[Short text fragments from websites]
..............................

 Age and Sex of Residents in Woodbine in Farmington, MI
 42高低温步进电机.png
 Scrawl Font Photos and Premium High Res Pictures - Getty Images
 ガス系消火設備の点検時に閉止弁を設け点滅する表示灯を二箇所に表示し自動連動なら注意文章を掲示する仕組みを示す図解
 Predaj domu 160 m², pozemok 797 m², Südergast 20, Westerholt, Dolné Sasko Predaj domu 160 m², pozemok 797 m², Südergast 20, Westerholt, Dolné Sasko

..............................

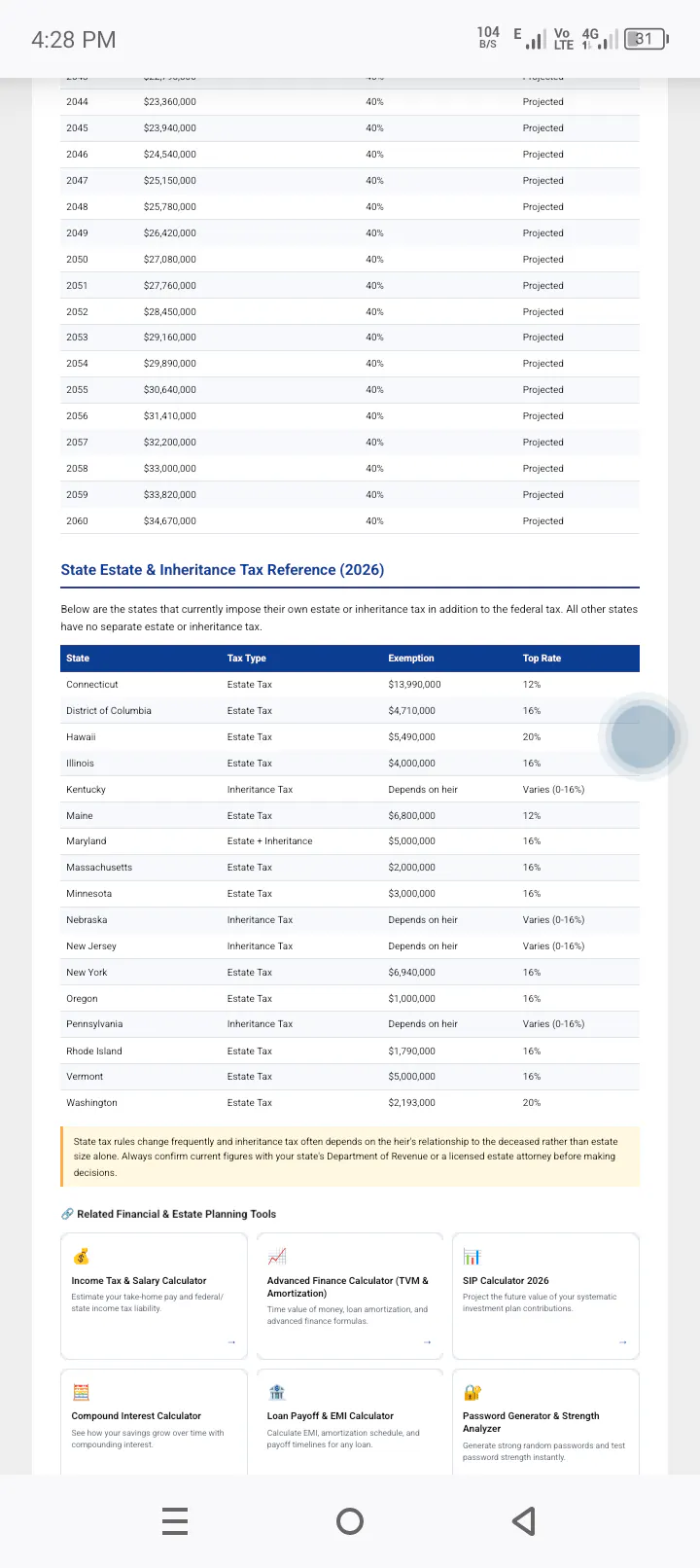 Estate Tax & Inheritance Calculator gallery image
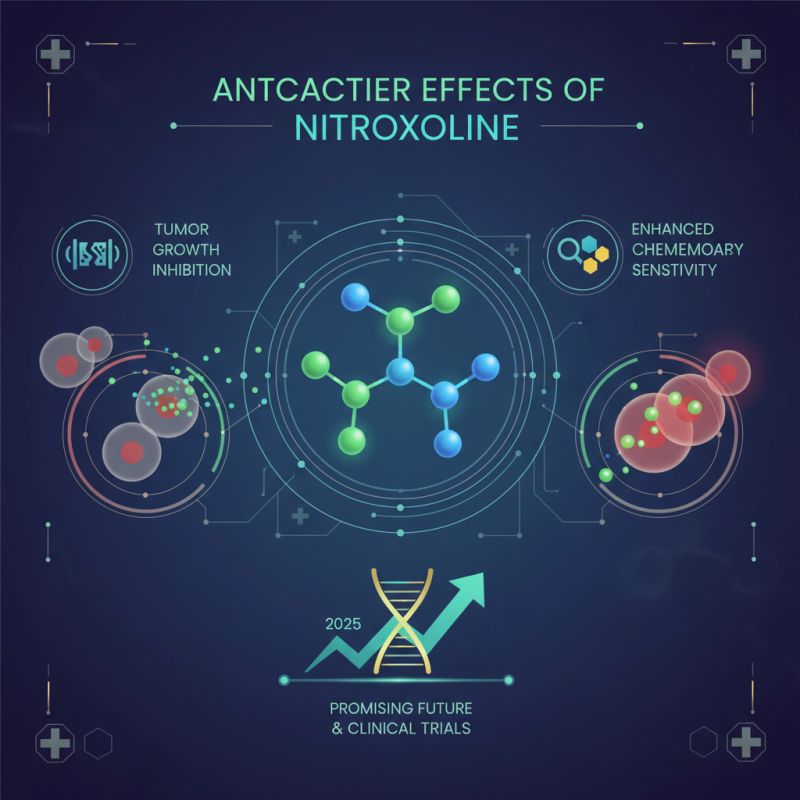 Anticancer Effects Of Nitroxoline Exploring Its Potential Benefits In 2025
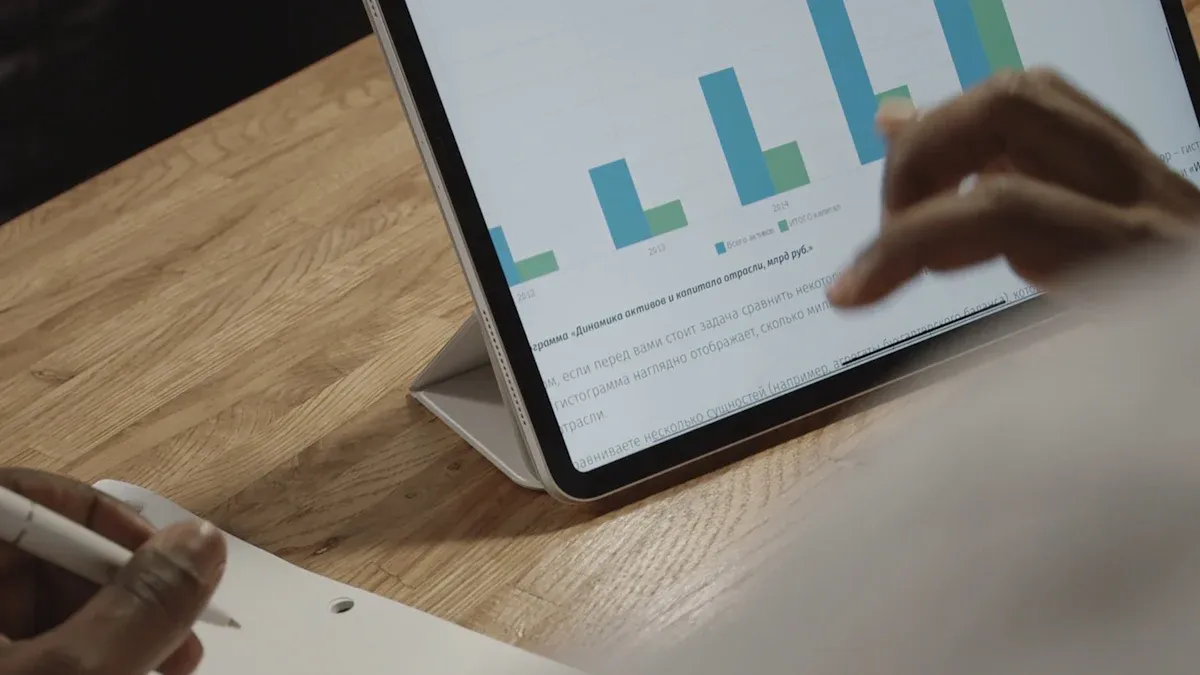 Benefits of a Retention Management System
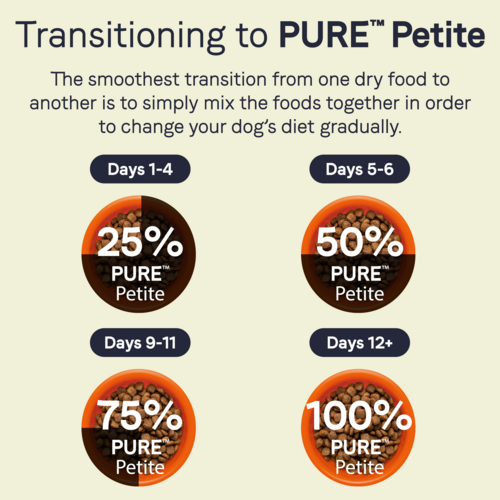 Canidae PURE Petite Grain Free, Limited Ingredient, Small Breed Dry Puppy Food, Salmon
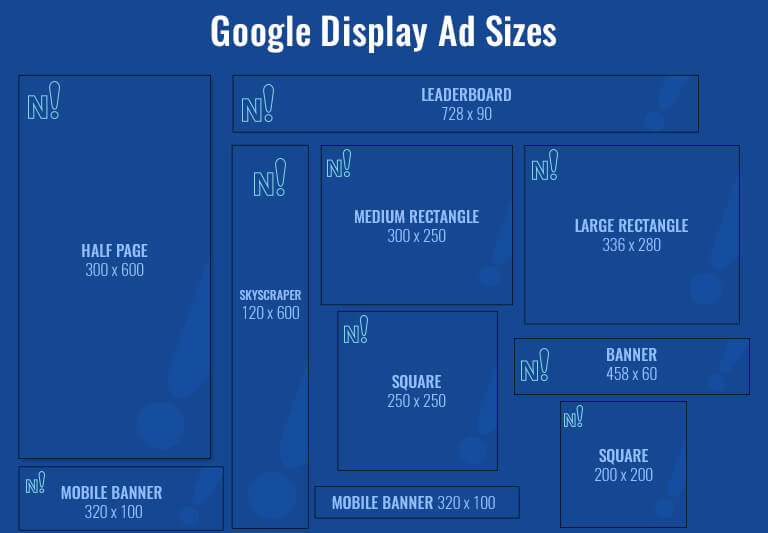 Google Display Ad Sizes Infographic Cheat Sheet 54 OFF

..............................

▶ _Problem to work on_: When you reach the line with "Age and Sex" in the records above, start writing out lines exactly, and stop once the line with "Dolné Sasko Predaj" has been written; include nothing else.

▶ _Task response_:
 Age and Sex of Residents in Woodbine in Farmington, MI
 42高低温步进电机.png
 Scrawl Font Photos and Premium High Res Pictures - Getty Images
 ガス系消火設備の点検時に閉止弁を設け点滅する表示灯を二箇所に表示し自動連動なら注意文章を掲示する仕組みを示す図解
 Predaj domu 160 m², pozemok 797 m², Südergast 20, Westerholt, Dolné Sasko Predaj domu 160 m², pozemok 797 m², Südergast 20, Westerholt, Dolné Sasko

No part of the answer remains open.